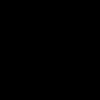 qre_6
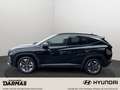 Hyundai TUCSON TUCSON FL (MY25) 1.6 Turbo 48V DCT TREND 4WD Schwarz - thumbnail 9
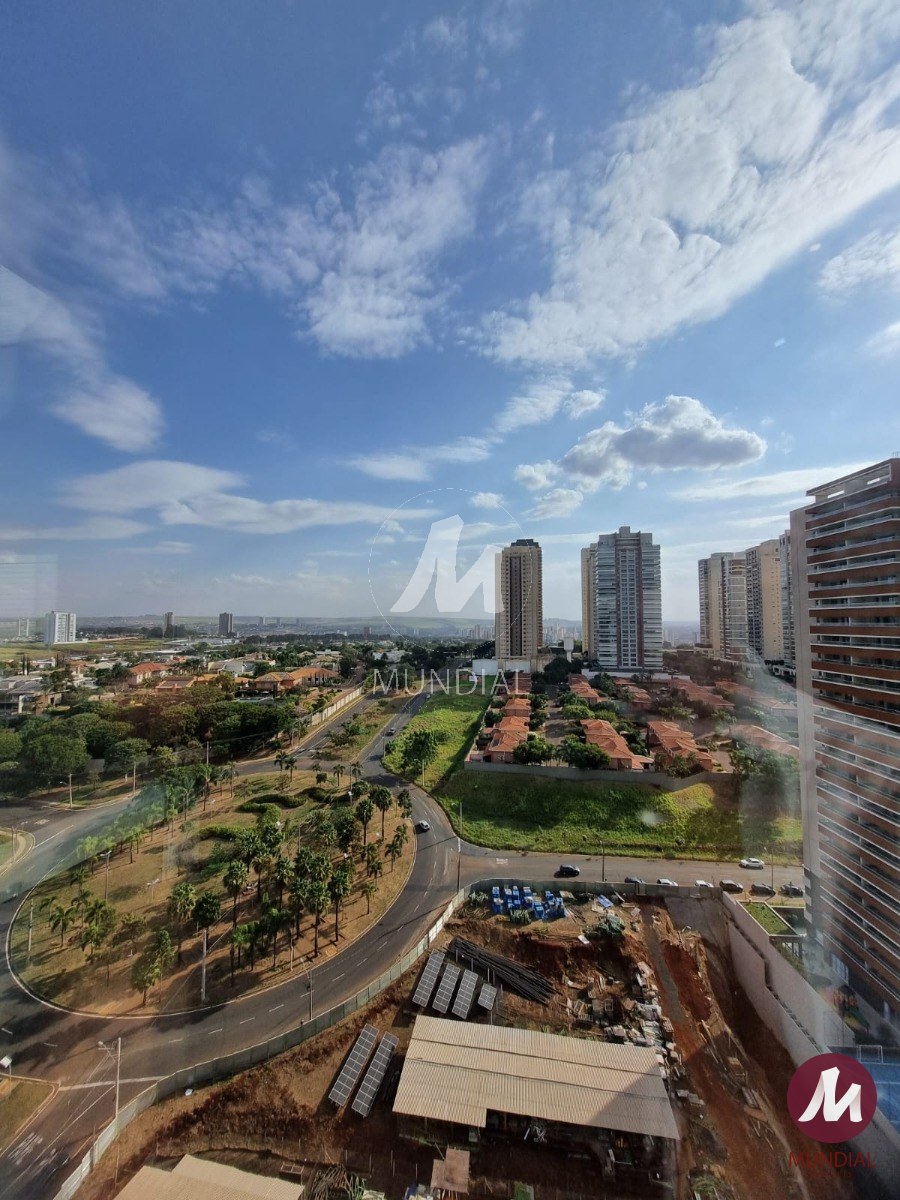 Vista do Imóvel — foto 6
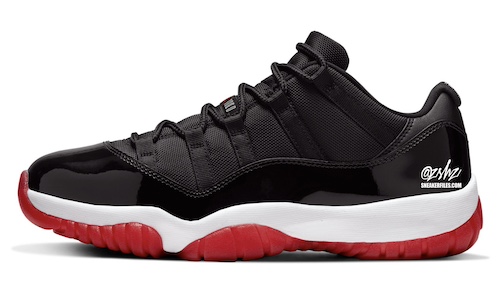 Latest released jordans online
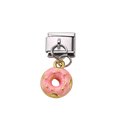 Donut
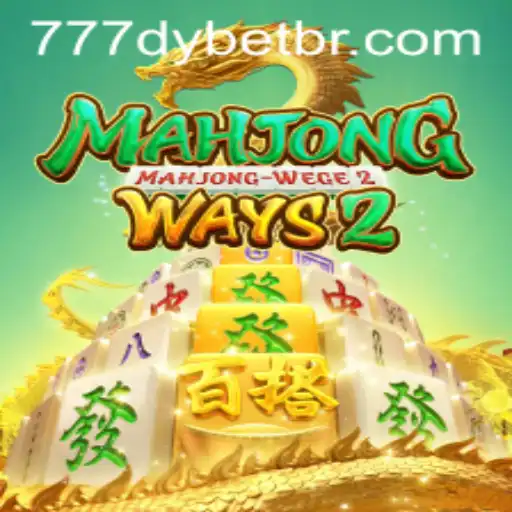 Exploring MahjongWays2: Strategy, Skill, and 777dy PH Login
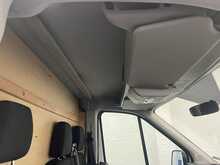 Ford Transit 350 EcoBlue Leader 2.0 4dr Tipper Manual Diesel - U2635
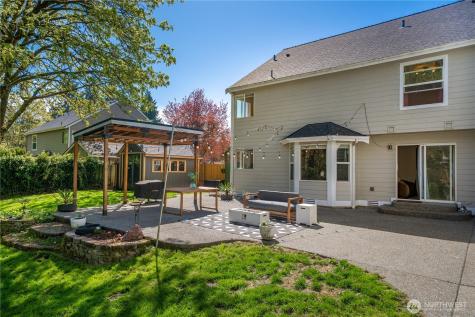 4715 116th Avenue E Edgewood WA 98372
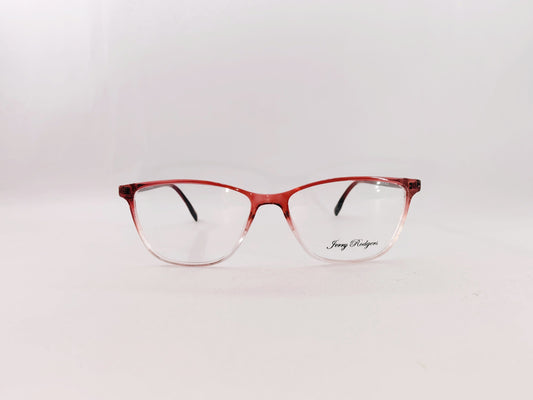 iDom Eyeglasses Full Frame Cat-Eye Specs For Women 217764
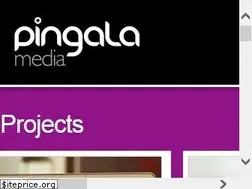 Sites similar to floorsite.co.uk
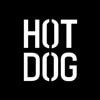 hotdog最新免费版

--- EXERCISE REQUIREMENTS ---
Copy verbatim the span that begins at the line containing "Vista do Imóvel — foto 6" and ends at the last line of the material, inclusive of both; exclude pictures.

--- RESPONSE AREA ---
 Vista do Imóvel — foto 6
 Latest released jordans online
 Donut
 Exploring MahjongWays2: Strategy, Skill, and 777dy PH Login
 Ford Transit 350 EcoBlue Leader 2.0 4dr Tipper Manual Diesel - U2635
 4715 116th Avenue E Edgewood WA 98372
 iDom Eyeglasses Full Frame Cat-Eye Specs For Women 217764
 Sites similar to floorsite.co.uk
 hotdog最新免费版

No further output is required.